■ Goal of the exercise ■
Although the records contain pictures, none belong in the copy: restate word for word only the lines from the one with "Hallusa Natural shop logo" through the one with "Used 2026 Toyota", both included.

■ The input ■

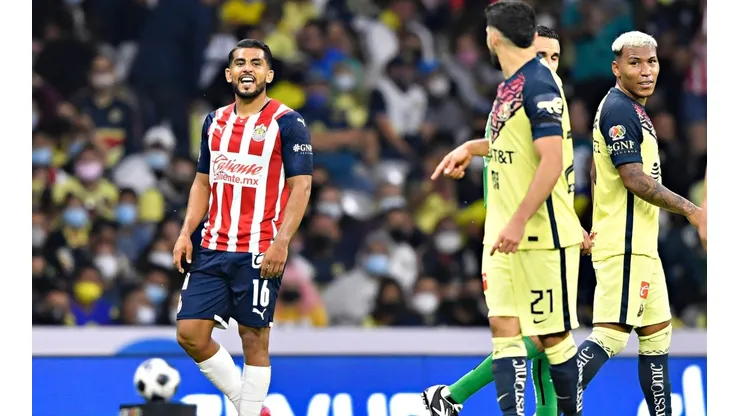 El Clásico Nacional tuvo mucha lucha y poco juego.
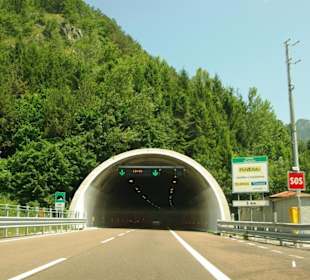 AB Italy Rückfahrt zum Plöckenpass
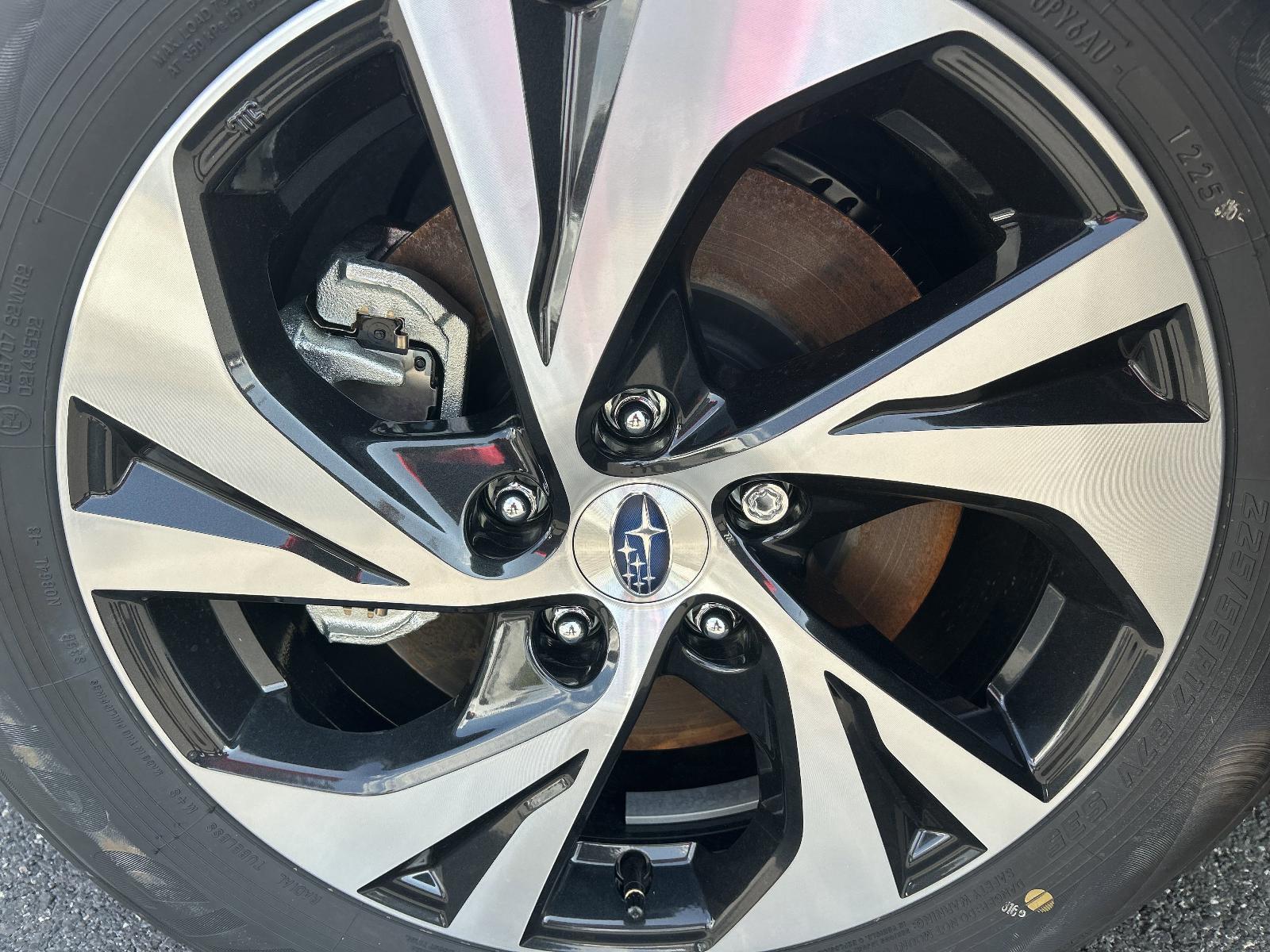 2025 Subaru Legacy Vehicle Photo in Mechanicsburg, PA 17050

==

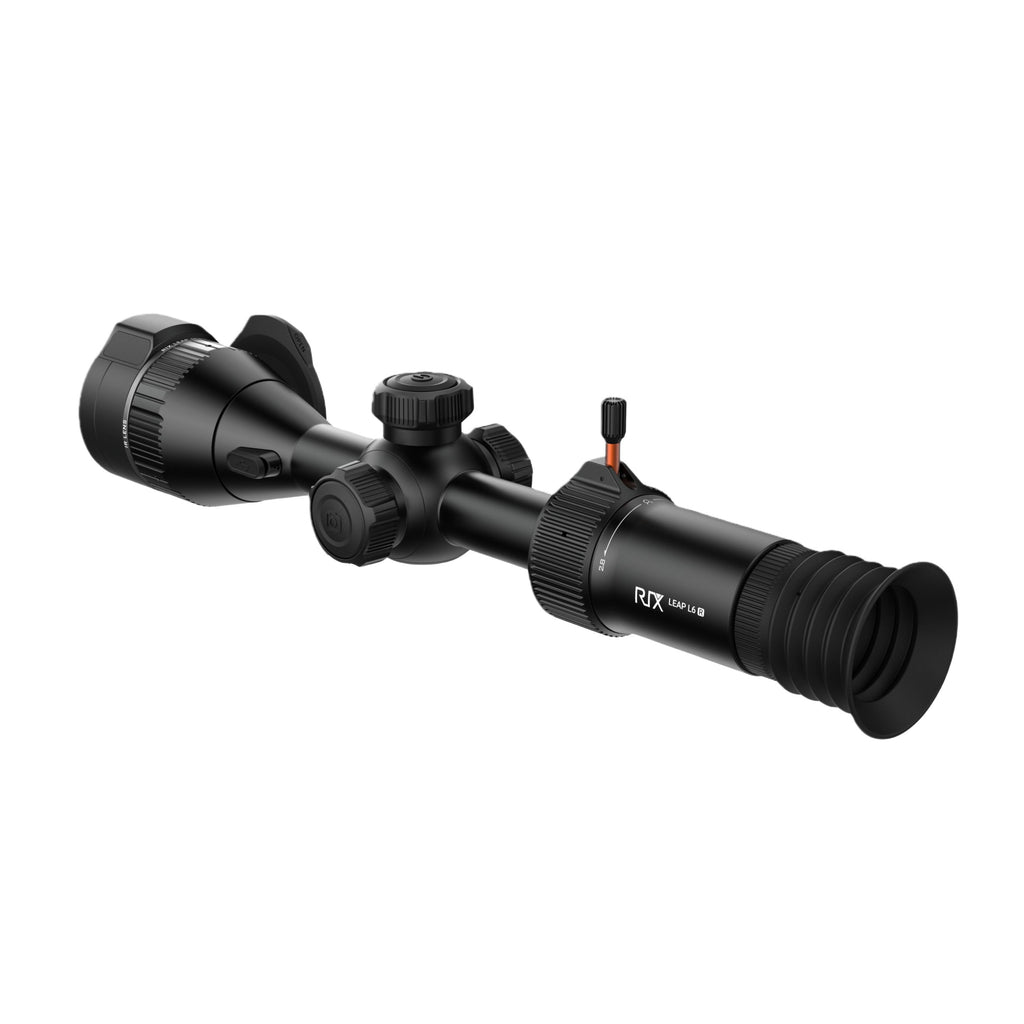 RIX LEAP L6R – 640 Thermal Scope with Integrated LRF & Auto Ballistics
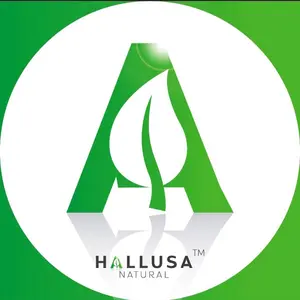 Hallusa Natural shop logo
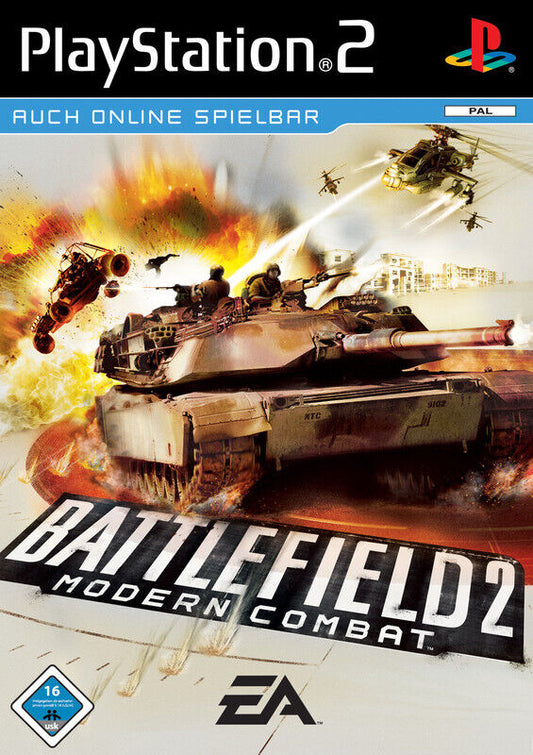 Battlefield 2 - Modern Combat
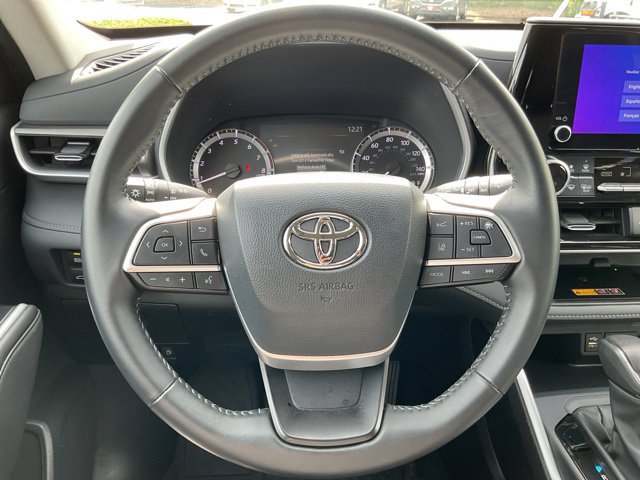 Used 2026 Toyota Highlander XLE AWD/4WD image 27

* * *

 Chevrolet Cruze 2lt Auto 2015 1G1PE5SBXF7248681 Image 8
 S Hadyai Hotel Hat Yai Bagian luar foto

■ Reply ■
 Hallusa Natural shop logo
 Battlefield 2 - Modern Combat
 Used 2026 Toyota Highlander XLE AWD/4WD image 27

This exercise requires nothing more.